Concrete 'castle' as a sour sequel to 
Herschel Babbage’s
 contribution to South Australia

Babbage’s Castle, a huge concrete structure in fantastic baroque at St Marys, is a lost South Australian 19th Century oddity from Herschel Babbage’s life in Adelaide. Babbage, an engineer, was eldest son of renowned Cambridge mathematician Charles Babbage. In 1851, British colonial secretary Earl Grey sent Babbage to make a geological and mineralogical survey of South Australia. Babbage worked on government projects, setting up the gold assay office in Victoria Square and later as chief engineer for the company building the city-to-Port Adelaide railway. In 1853, Babbage was first chairman of Mitcham District Council and he served as president of the Adelaide Philosophical Society. Babbage was elected to the House of Assembly in 1857, representing Encounter Bay.

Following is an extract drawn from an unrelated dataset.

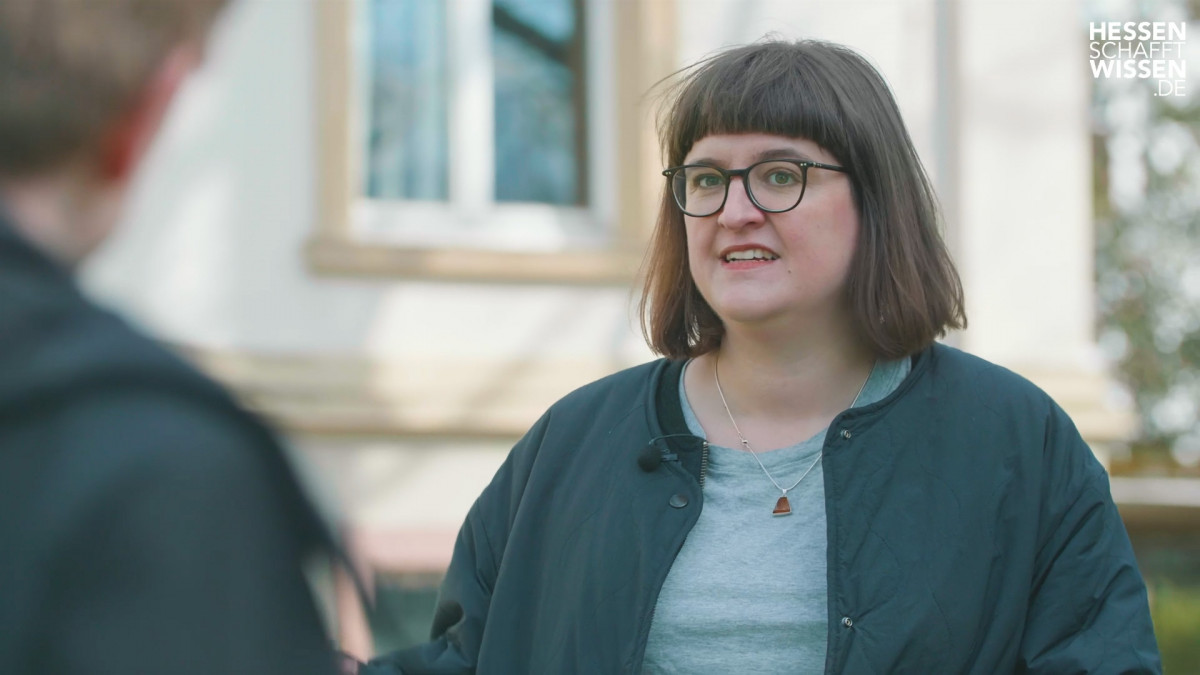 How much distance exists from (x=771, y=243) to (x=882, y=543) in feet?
1.92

He resigned to lead an expedition to explore the north between Lake Torrens and Lake Gairdner. When the government grew tired of his slow methodical pace, the crown lands commissioner Francis Dutton replaced Babbage with Peter Warburton in 1858. Babbage complained of this treatment and withdrew from public life except as a 1877 Legislative Council elections candidate who refused to be part of any public meetings. Babbage spent his last years building a mansion near South Road he called The Rosary, although locals referred to it as Babbage's Castle. The building developed defects and was deserted from 1905 to 1935, when it was demolished.